I may have been a bit disappointed by High-Rise, but that didn’t put me off wanting to read J.G. Ballard’s autobiography, which has been pretty widely acclaimed since its publication last month. I also wasn’t put off – not precisely – when a trusted source read it and pronounced it disappointing; in fact, this may have been crucial in my experience of it, for as a result I approached Miracles of Life with a mixture of trepidation and obligation. Would it have seemed quite so wonderful if I had higher expectations? Who knows? (Who cares?)
The subtitle of Miracles of Life is Shanghai to Shepperton, and those who have both read Ballard and read around him will know the central role these two places have played in his writing.

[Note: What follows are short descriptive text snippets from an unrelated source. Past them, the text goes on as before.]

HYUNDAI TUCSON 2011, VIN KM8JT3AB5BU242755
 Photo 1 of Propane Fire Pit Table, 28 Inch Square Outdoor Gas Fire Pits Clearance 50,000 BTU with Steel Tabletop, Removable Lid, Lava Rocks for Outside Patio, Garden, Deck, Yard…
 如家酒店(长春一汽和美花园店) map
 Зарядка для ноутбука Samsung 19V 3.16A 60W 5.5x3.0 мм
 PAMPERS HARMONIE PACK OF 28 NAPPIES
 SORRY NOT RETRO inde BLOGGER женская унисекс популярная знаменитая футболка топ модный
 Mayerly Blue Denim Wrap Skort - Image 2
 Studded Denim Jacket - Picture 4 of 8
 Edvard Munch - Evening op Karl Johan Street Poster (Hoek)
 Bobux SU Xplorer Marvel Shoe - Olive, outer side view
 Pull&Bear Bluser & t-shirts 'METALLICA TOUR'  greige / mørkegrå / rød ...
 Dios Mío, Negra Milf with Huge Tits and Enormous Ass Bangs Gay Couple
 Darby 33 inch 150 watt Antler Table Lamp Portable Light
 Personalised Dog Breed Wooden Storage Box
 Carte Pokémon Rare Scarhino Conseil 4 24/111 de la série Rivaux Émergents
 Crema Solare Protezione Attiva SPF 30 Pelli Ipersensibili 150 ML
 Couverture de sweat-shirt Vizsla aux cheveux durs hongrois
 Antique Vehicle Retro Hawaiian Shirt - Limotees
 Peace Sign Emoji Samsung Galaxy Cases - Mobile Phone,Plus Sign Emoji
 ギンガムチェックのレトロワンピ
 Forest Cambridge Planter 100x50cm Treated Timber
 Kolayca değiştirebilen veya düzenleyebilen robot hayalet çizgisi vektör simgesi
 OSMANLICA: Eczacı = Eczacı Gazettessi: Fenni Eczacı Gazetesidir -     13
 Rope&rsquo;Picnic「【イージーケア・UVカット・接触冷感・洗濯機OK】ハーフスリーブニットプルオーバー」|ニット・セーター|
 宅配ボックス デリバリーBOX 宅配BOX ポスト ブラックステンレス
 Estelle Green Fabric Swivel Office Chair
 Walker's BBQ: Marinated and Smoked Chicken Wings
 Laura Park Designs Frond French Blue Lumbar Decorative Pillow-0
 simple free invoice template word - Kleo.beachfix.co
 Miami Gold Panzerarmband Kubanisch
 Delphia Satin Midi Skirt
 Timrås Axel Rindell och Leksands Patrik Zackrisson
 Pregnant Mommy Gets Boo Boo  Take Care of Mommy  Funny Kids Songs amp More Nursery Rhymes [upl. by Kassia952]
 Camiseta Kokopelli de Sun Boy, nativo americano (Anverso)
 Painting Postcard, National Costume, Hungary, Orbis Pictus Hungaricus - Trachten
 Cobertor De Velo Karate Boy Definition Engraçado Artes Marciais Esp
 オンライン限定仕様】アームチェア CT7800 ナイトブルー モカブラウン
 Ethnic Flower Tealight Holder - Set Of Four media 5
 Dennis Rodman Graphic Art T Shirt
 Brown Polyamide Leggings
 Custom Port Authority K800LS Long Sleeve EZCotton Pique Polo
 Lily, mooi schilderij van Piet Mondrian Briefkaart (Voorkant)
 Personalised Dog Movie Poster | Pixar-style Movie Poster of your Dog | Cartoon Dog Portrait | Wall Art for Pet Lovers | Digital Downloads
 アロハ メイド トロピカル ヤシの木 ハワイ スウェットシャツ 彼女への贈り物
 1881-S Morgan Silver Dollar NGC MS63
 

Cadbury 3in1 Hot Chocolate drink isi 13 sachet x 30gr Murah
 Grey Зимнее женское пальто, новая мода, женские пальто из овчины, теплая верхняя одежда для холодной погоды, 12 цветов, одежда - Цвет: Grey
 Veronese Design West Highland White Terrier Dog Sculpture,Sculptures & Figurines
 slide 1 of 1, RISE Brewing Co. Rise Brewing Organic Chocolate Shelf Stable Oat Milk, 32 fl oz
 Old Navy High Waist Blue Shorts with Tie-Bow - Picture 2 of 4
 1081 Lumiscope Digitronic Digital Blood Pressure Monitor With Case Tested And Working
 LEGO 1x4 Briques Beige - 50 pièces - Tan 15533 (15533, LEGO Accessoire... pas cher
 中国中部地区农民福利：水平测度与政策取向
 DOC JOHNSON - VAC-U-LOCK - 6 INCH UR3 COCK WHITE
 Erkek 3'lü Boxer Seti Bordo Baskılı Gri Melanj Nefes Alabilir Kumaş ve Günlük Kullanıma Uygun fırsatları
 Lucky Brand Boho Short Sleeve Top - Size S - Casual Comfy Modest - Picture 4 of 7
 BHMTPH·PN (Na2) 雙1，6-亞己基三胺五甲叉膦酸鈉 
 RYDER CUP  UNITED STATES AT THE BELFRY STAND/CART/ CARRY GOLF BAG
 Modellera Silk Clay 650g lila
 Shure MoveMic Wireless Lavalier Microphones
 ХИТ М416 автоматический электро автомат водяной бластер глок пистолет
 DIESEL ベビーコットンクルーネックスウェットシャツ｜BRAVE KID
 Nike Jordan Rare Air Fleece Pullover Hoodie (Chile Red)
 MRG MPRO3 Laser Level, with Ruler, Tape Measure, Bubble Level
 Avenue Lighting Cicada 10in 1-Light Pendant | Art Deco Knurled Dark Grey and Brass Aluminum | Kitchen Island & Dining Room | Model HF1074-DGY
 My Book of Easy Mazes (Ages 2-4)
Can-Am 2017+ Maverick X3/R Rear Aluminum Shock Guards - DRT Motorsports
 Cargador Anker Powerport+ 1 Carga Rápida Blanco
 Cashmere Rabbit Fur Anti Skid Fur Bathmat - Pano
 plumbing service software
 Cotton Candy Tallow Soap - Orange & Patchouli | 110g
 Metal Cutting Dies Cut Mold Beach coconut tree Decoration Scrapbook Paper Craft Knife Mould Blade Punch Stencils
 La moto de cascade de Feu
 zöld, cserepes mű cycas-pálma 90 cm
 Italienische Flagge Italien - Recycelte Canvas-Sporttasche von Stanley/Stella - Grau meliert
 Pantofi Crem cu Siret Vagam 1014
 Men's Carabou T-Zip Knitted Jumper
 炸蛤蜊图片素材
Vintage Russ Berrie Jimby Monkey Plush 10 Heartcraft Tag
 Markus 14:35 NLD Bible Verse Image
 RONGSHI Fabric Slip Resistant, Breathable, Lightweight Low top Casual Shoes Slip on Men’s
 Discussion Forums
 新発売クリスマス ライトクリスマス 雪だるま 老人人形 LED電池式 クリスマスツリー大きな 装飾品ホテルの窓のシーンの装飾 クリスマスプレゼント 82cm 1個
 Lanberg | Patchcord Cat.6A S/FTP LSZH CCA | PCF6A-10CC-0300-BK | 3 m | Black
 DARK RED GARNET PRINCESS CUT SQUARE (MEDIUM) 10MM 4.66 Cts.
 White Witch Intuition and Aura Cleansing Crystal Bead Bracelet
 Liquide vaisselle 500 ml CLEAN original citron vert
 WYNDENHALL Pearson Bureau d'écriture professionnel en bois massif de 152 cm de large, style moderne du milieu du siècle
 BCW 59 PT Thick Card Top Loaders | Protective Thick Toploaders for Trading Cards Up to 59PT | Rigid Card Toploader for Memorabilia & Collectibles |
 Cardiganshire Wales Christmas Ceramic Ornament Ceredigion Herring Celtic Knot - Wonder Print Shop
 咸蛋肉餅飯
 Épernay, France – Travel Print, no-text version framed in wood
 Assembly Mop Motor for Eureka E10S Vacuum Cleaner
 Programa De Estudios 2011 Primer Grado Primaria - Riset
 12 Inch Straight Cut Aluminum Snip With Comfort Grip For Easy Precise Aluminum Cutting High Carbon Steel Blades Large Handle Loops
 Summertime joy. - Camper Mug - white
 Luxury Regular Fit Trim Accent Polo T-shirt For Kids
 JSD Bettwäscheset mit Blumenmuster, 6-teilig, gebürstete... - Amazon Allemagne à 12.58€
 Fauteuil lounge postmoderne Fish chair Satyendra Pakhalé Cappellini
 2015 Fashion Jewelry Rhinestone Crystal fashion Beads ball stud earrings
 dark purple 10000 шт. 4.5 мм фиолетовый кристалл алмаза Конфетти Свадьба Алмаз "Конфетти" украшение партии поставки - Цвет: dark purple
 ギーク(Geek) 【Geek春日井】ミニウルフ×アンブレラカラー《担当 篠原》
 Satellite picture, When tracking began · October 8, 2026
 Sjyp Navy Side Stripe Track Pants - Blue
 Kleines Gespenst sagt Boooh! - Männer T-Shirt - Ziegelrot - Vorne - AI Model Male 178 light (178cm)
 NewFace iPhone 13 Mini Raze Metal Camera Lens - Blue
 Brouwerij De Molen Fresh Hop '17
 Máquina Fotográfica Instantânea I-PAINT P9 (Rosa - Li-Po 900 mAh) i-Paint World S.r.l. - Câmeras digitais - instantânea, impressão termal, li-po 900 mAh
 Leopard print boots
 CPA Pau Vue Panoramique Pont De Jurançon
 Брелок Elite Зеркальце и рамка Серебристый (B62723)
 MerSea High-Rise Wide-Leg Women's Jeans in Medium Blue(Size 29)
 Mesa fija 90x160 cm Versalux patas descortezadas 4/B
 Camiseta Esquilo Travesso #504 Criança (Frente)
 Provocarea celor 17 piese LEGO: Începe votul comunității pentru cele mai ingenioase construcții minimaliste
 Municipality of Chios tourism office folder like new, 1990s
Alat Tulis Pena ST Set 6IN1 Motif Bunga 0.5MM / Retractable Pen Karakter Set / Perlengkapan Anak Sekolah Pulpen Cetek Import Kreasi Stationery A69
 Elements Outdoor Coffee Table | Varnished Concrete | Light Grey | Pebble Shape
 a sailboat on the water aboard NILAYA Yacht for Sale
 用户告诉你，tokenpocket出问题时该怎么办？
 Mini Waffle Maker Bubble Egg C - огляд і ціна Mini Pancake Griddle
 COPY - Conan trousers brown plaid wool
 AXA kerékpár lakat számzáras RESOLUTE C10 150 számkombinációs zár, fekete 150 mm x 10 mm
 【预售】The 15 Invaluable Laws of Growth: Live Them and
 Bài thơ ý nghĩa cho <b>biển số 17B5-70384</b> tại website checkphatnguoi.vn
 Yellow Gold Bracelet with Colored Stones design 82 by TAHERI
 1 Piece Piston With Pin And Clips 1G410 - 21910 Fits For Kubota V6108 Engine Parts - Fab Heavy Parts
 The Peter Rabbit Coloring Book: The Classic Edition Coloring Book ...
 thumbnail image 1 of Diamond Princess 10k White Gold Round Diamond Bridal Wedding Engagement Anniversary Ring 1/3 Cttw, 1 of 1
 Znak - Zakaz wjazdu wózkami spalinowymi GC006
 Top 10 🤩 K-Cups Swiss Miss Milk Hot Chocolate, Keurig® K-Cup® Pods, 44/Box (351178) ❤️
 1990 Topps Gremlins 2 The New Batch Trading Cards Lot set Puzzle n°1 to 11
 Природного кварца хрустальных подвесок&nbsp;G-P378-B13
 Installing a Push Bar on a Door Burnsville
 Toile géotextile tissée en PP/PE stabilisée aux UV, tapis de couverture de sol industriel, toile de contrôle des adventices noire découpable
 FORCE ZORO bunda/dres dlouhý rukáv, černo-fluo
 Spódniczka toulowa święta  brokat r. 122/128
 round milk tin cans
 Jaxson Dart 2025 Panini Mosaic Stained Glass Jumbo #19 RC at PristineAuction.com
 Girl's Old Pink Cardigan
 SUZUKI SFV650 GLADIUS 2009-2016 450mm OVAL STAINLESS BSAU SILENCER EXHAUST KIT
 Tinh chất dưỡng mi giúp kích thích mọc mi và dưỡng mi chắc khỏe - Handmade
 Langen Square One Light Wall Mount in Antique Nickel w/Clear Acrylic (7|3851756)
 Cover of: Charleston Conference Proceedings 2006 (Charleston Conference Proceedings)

Ballard, born in 1930, grew up the son of an English businessman in Shanghai, and after the Japanese invasion of China in 1937, life changed. Gone was Shanghai as “the media city before its time, celebrated as the Paris of the Orient and the ‘wickedest city in the world'”, and in 1943 the Ballard family were moved along with other westerners into the Lunghua Camp holding centre, where Ballard witnessed Japanese brutality against the Chinese, but managed to tackle even the more grotesque elements of life in wartime with a child’s insouciance:
In the last eighteen months of the war our rations fell steeply. As we sat at the card table in our room one day, pushing what my mother called ‘the weevils’ to the rims of our plates of congee, my father decided that from then on we should eat the weevils – we needed the protein. They were small white slugs, and perhaps were maggots, a word my mother preferred to avoid. It must have irritated my mother when I regularly counted them before tucking in lustily – a hundred or so was my usual score, forming a double perimeter around my plate and visibly reducing my portion of boiled rice.
Life in the camp also taught Ballard an intimacy with others he had never known before – his parents were of a generation and a class that lived almost separate lives from their children, even when they were all crammed together in a room for two and a half years (“I remember my own parents in the camp, unable to warn, chide, praise or promise … I regret the estrangement, and realise how much I have missed”). This also contributed to what Ballard expresses most enthusiasm for in the book: not his work, but his children, who he raised as a single father from the age of 33 after his wife’s sudden death. The emotional coldness of Ballard’s parents – representatives of a whole stratum of the English middle class – extended to his later professional life:
I went on my own way, ignoring [my father] when he strongly urged me against becoming a writer. I had spent five years learning to decode the strange, introverted world of English life, while he was happiest dealing with professional colleagues in Switzerland and America. He telephoned me to congratulate me on my first novel, The Drowned World, pointing out one or two minor errors that I was careful not to correct. My mother never showed the slightest interest in my career until Empire of the Sun, which she thought was about her.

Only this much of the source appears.